### TASK DESCRIPTION
Instruction for the data below: set down exactly the lines from the line with "Golf Inn Niagara Şelalesi Dış mekan fotoğraf" to the line with "[BẢO VỆ RỪNG]", inclusive, and no others.

### WORKING DATA
════════════════════

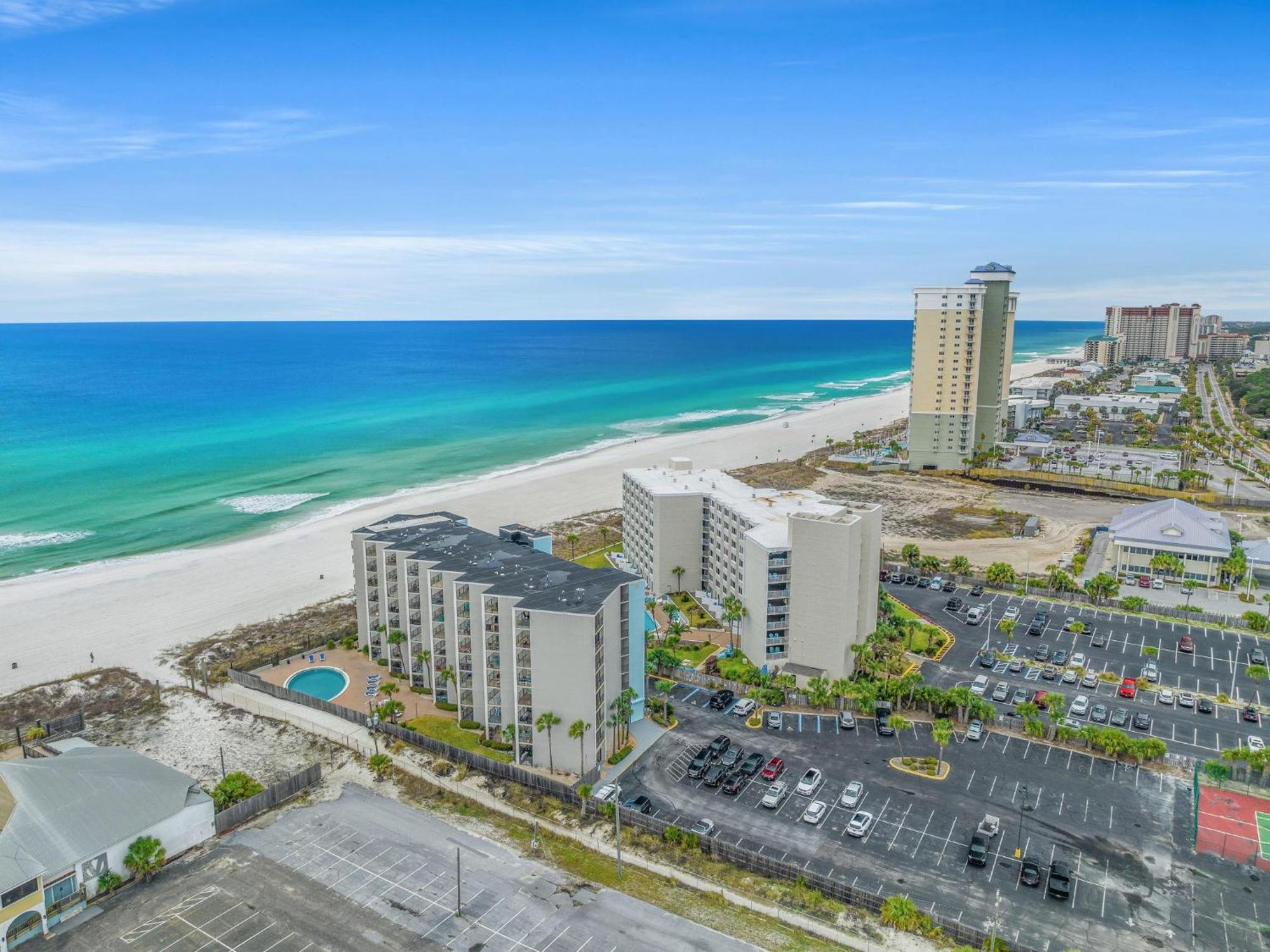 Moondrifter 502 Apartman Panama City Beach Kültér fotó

════════════════════

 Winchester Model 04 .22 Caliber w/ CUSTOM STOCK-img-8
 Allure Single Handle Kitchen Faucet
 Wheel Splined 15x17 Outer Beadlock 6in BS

════════════════════

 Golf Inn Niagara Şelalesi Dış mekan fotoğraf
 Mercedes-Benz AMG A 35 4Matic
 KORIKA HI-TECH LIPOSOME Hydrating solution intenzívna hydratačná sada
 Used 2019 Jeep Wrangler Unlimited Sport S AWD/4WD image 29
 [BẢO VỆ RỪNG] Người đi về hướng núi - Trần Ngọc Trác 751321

════════════════════

### TASK SOLUTION
 Golf Inn Niagara Şelalesi Dış mekan fotoğraf
 Mercedes-Benz AMG A 35 4Matic
 KORIKA HI-TECH LIPOSOME Hydrating solution intenzívna hydratačná sada
 Used 2019 Jeep Wrangler Unlimited Sport S AWD/4WD image 29
 [BẢO VỆ RỪNG] Người đi về hướng núi - Trần Ngọc Trác 751321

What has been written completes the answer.